The SIM card has quietly undergone its biggest transformation in decades. For MSPs, it represents one of the most significant revenue opportunities of the next five years if they move now.
Not so long ago, eSIM was a curiosity. It cropped up in consumer smartwatches and premium smartphones as a convenience feature, useful for travellers, largely irrelevant to the channel. That perception has aged badly. In 2025 and 2026, eSIM crossed into mainstream enterprise use, quietly but decisively. Devices from routers to tablets to rugged handhelds are now shipping with eSIM as standard, and the organisations deploying them at scale are no longer asking whether to use eSIM, they are asking who is going to help them manage it.
The shift matters for the channel because it fundamentally changes who owns the mobile data relationship.

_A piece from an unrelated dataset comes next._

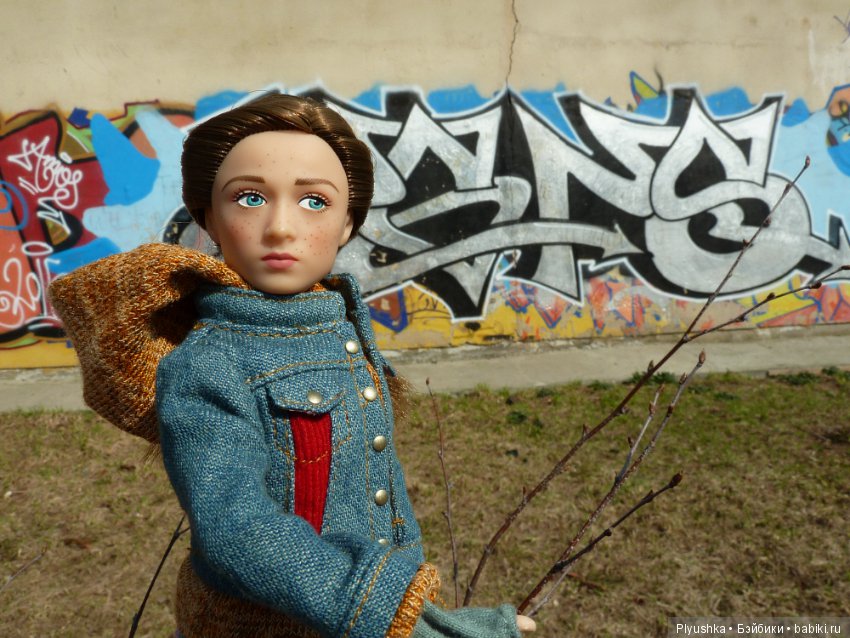 Кира (Athena Tomorrowland Диснейстор) и граффити (фото 6)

When a physical SIM card was inserted at the factory or posted out by a mobile network operator, the MNO owned that customer. With eSIM, the profile is delivered remotely and switched in software. The organisation and the partner helping them manage it and controls the connection. That is a new and genuinely valuable position to occupy.

A Connected World That Needs Managing
The breadth of eSIM-connected devices arriving in enterprise environments is extraordinary. Think beyond mobile phones. Routers providing resilient backup connectivity. Tablets deployed across retail stores or construction sites. Digital signage networks spanning hundreds of locations. Fleet vehicles, ambulances, payment terminals, ATMs, lift shafts. The list of things that now need a managed, secure mobile data connection grows longer every quarter, and the organisations operating them increasingly want a single partner to handle it.
This is the opportunity for MSPs. The businesses asking for help are not primarily telco customers, they are IT-managed service customers. They want someone who understands their network, their security posture, their device estate. They want a partner who can provision eSIMs, manage profiles, and troubleshoot connectivity across a diverse fleet of devices without sending a truck. That description fits a well-positioned MSP precisely. It does not describe a mobile network operator's direct sales team.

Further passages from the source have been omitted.